The Amended Credit Agreement contains covenants which, among
other things, impose limitations and restrictions on the
incurrence of additional indebtedness, capital expenditures,
future mergers and acquisitions, sales of assets, payment of
dividends (limited to 30% of net income for the prior year), and
changes in control, as defined. In addition, Tracor is required
to satisfy certain financial covenants and tests relating to,
among other matters, interest coverage, working capital,
leverage, and net worth.
Note F -- Subsequent Event
On July 11, 1996, Tracor concluded a public offering of
6,567,272 shares of its common stock at a price of $17.50 per
share. Of the shares sold, the Company sold 3,000,000 shares
and certain former shareholders of Westmark sold 3,567,272
shares. The net proceeds to the Company from the primary shares
sold in the offering, approximately $48.4 million, will be used
to retire a portion of its indebtedness under the Amended Credit
Agreement or to complete an acquisition.
Item 2. Management's Discussion and Analysis of Financial
Condition and Results of Operations
Business Environment
Approximately 88% of the products, systems, and services of
Tracor, Inc. and its subsidiaries (Tracor or the Company) are
sold to the U.S. government through direct contracts, primarily
with agencies of the U.S. Department of Defense (DOD), or
through subcontracts with other U.S. government contractors.

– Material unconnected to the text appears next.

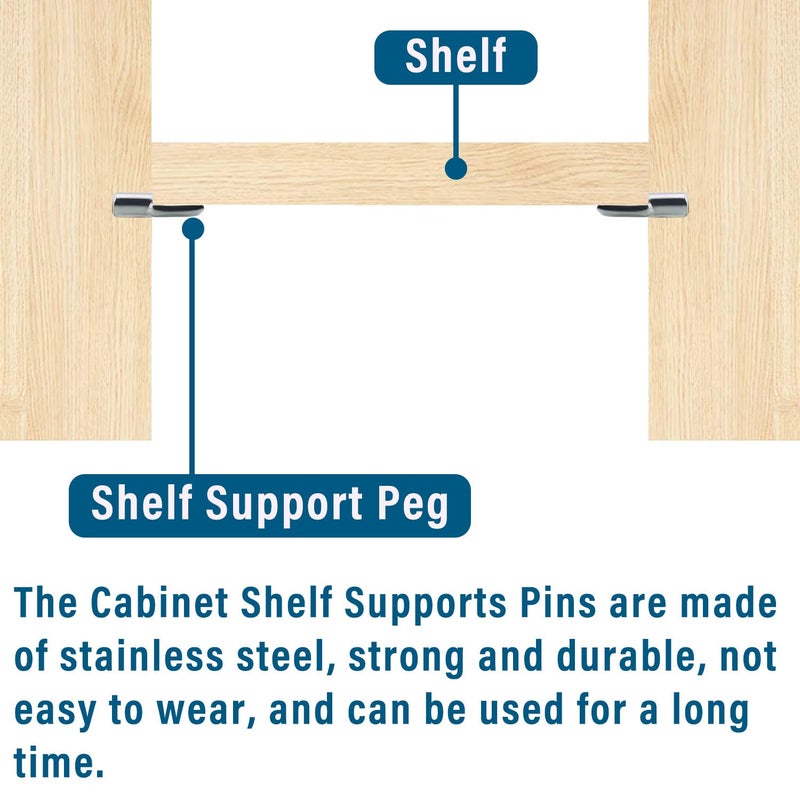 LonlyEagle 60 Pieces 5mm Shelf Pegs , Spoon Shaped Shelf Pins for Shelves, Kitchen Cabinet Shelf, Bookshelf, Closet and Furniture, Nickel Plated Shelf Holders Support Pegs - Image 3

Beginning in the mid-1980s, the defense industry in general was
negatively impacted by the perceived reduction of threats from
the former Soviet Union and eastern European countries and, more
recently, by competing demands upon the federal budget. While
this has resulted in a U.S. defense budget that has decreased in
real dollars, adjusted for inflation, over the last decade, it
recently began to stabilize. For the first time in many years,
the total U.S. defense budget increased in 1996, excluding
inflation. A major portion of the Company's DOD sales are
funded by the operations and maintenance segment of the defense
budget in areas which are among today's top DOD priorities.
This segment has declined less than other segments of the budget
as readiness priorities have emerged. It is now the largest
segment of the defense budget and is projected to comprise about
one-third of the defense budget over the next decade. The
procurement portion of the budget is expected to experience a
modest increase over this same time frame. Tracor's ability to
benefit from this upturn is enhanced by its acquisition of AEL.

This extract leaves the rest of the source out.